Frente a las críticas por salarios desproporcionados respecto a las responsabilidades, el alcalde anunció una revisión integral de los tabuladores de sueldos. Esta iniciativa busca alinear compensaciones con el valor del trabajo, evitando futuros aumentos ilegales derivados de interpretaciones erróneas de normativas. Expertos en administración pública sugieren que implementar software de control salarial y auditorías periódicas podría prevenir tales lapsos, asegurando que la inexperiencia de funcionarios no comprometa la integridad fiscal.

La resolución de este caso, con la devolución casi completa de los fondos, cierra un capítulo incómodo para la administración Ramírez Sánchez. Sin embargo, persisten preguntas sobre la cultura de accountability en Celaya, donde la juventud de los equipos directivos es un doble filo: trae innovación pero también riesgos en la ejecución. Los ciudadanos esperan que esta lección fortalezca los mecanismos de vigilancia, priorizando la equidad en el uso de impuestos locales.

Lecciones aprendidas de los aumentos ilegales y su impacto en la confianza pública

En última instancia, los aumentos ilegales sirven como recordatorio de la fragilidad de los sistemas administrativos ante la inexperiencia de funcionarios. Mientras el dinero regresa a las arcas municipales, el debate sobre sanciones ausentes continúa, con voces locales abogando por medidas más firmes para disuadir repeticiones. La promesa de actualizar tabuladores refleja un compromiso con la mejora, pero su implementación será clave para restaurar la fe en la gobernanza de Celaya.

Como se detalla en reportajes recientes del Periódico Correo, la Contraloría Municipal jugó un rol pivotal en la detección temprana de estas irregularidades, colaborando con la Comisión de Contraloría para una resolución expedita. Fuentes cercanas al Ayuntamiento indican que el informe detallado incluyó evidencias de pagos erróneos, subrayando la importancia de protocolos claros en la nómina.

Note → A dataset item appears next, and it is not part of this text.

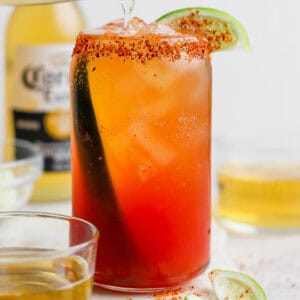 Straight on shot of a Michelada in a beer glass with Tajin rim and lime wedge with a Corona in the background.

Por otro lado, declaraciones del alcalde a medios locales como El Sol del Bajío enfatizan la ausencia de mala fe, enfocándose en la juventud de los directores como factor mitigante. Este enfoque humano contrasta con análisis de la Auditoría Superior del Estado, que en revisiones pasadas ha instado a mayor rigor en la supervisión salarial para evitar erosión presupuestal.

Finalmente, observadores independientes, citados en plataformas como Guanajuato Noticias, destacan que casos como estos aumentos ilegales resaltan la necesidad de programas de inducción robustos para nuevos funcionarios, asegurando que la inexperiencia no se convierta en pretexto recurrente para fallos administrativos en municipios como Celaya.